Volunteer Vacations Across America — recently published by the Countryman Press in Woodstock, Vt. — couldn't be more timely, both seasonally and in terms of accurately reading the national temperature.
In the foreword to the book, Kristin M. Lamourex, director of the International Institute of Tourism Studies at George Washington University School of Business, writes that's she's traveled a great deal, "but the memories that have remained with me are of rolling up my sleeves and working, side by side, with my hosts. …
"There is no better way to learn about a place, interact with people, observe the wildlife and natural environment, experience the culture and cuisine, and be part of a destination than by volunteering. The combination of volunteering and travel — volunteer vacations — is a growing trend. Increasingly, people are choosing to incorporate volunteer activities into their vacation time, and they are enjoying the satisfaction of giving back."
Kane, who discusses ways to help people, wildlife and the environment, calls this mix of vacations and volunteering "immersion travel."
Such travel, she says, constitutes "a decision to get involved and to learn and absorb everything you can from your travel experiences. Immersion travel is for everyone, at every age and stage of life. It doesn't take extra money or time to apply the immersion travel concept to all of your trips and to reap benefits from them."
The Human Interaction
The author explains how to evaluate the vacations she's featured, what to look for in programs offered by for-profits and nonprofits, and how to keep a journal about the experience. Every so often, she includes insights culled from such journals, like the one by a man named Ray, who's volunteered often at "The Hole in the Wall Gang Camp" in Ashford, Conn.

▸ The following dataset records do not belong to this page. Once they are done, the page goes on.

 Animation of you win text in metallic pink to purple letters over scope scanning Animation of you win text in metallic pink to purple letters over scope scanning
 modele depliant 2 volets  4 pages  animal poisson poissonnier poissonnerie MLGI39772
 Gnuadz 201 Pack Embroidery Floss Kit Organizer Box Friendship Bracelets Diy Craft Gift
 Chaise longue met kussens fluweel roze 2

"Living for seven days in a summer camp cabin with terminally ill children is hard work that requires a high degree of patience, energy, and a willingness to learn about kids. There are usually about seven or eight kids under your supervision around the clock and it's very rigorous. Everyone's up early for a polar-bear swim and to go fishing — it's all go, go, go through 9 p.m. Volunteers need to be altruistically motivated. …

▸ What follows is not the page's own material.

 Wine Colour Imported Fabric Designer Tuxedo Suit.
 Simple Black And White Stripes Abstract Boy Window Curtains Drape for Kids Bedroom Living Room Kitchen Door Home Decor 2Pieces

"It's a beautiful, 360-acre camp with 50 very impressive, totally handicapped-accessible camp buildings and activities. … [But] what I've found after volunteering over five years is that many months after camp has ended, you can ask a camper what he or she enjoyed most from the experience and almost always it's a reference to time spent with a counselor or volunteer doing something pretty simple, one-on-one, like playing Crazy 8s on the boathouse dock. It's the human interaction and the bonds of friendship that make the experience most memorable for everyone involved."